» **Given data**
=== Section Start ===
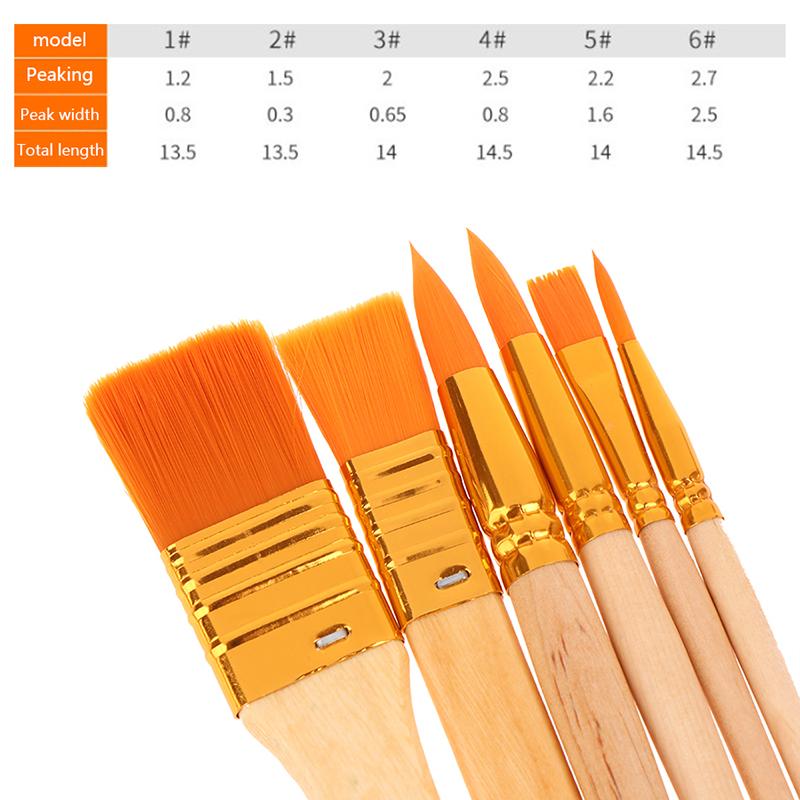 6Pcs Portable Watercolor Brushes Wooden Handle Paint Brush Oil Acrylic Painting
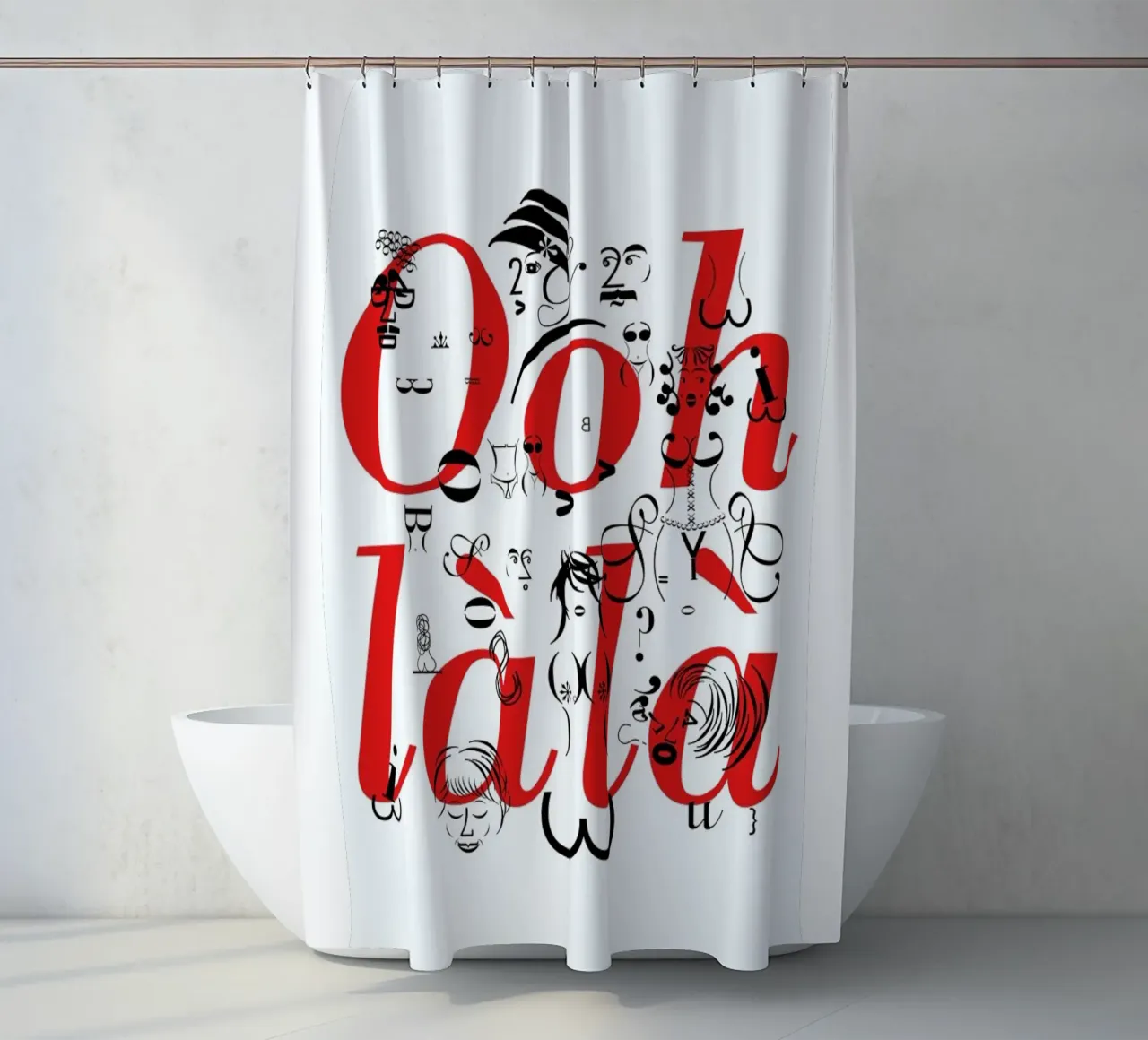 Ooh Là Là shower curtain by Catherine Aguilar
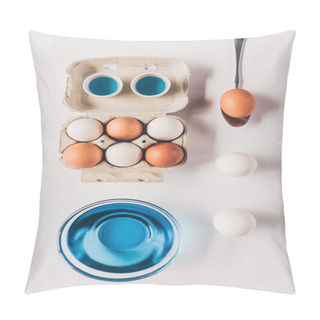 Personality  Top View Of Glass With Blue Paint And Different Chicken Eggs On White Surface, Easter Concept Pillow Covers
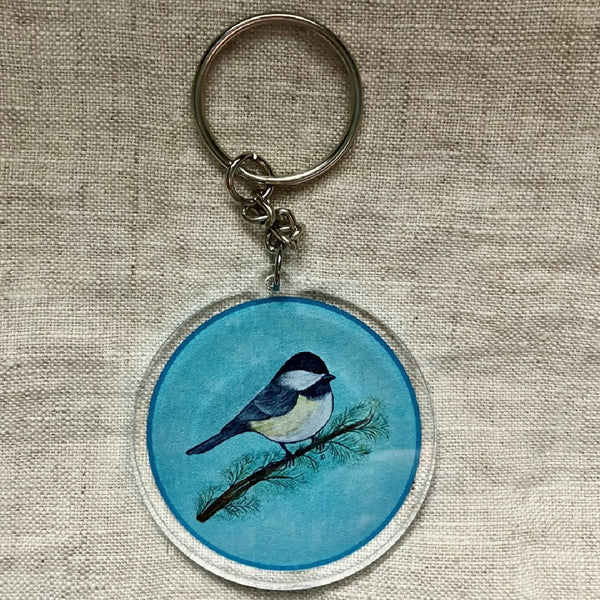 Acrylic Black-Capped Chickadee Keychain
=== Section End ===
Pictures aside, please output the whole listing exactly as it appears above.

 6Pcs Portable Watercolor Brushes Wooden Handle Paint Brush Oil Acrylic Painting
 Ooh Là Là shower curtain by Catherine Aguilar
 Personality  Top View Of Glass With Blue Paint And Different Chicken Eggs On White Surface, Easter Concept Pillow Covers
 Acrylic Black-Capped Chickadee Keychain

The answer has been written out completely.